Given records —
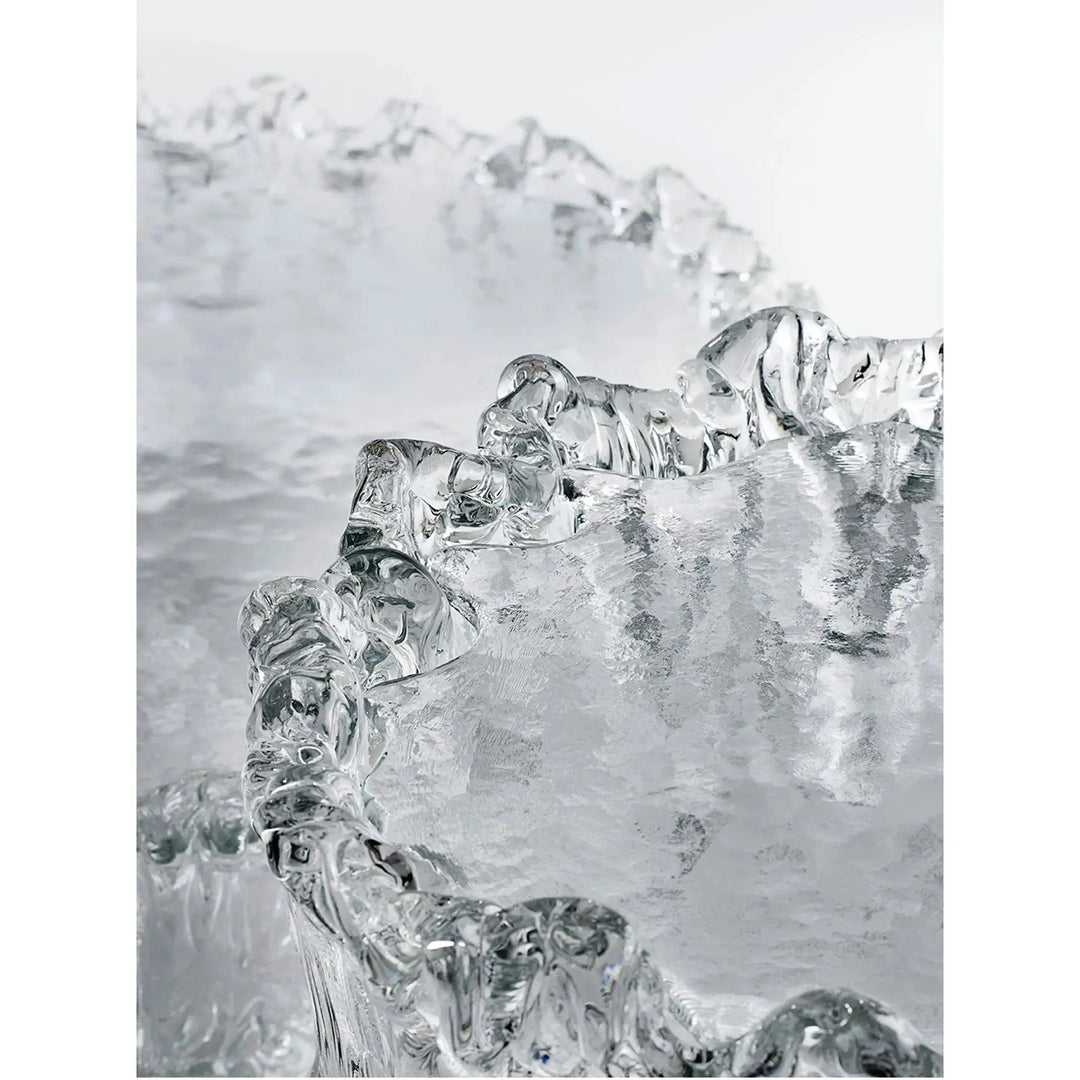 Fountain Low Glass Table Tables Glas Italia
--
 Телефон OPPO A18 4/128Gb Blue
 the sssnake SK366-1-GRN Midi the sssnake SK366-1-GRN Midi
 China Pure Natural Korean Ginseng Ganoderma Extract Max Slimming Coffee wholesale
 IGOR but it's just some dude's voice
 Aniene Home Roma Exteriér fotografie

Work instructions — From the records above, copy out the line with "China Pure Natural", the line with "Aniene Home Roma Exteriér fotografie", and every line between them, word for word.

Your response —
 China Pure Natural Korean Ginseng Ganoderma Extract Max Slimming Coffee wholesale
 IGOR but it's just some dude's voice
 Aniene Home Roma Exteriér fotografie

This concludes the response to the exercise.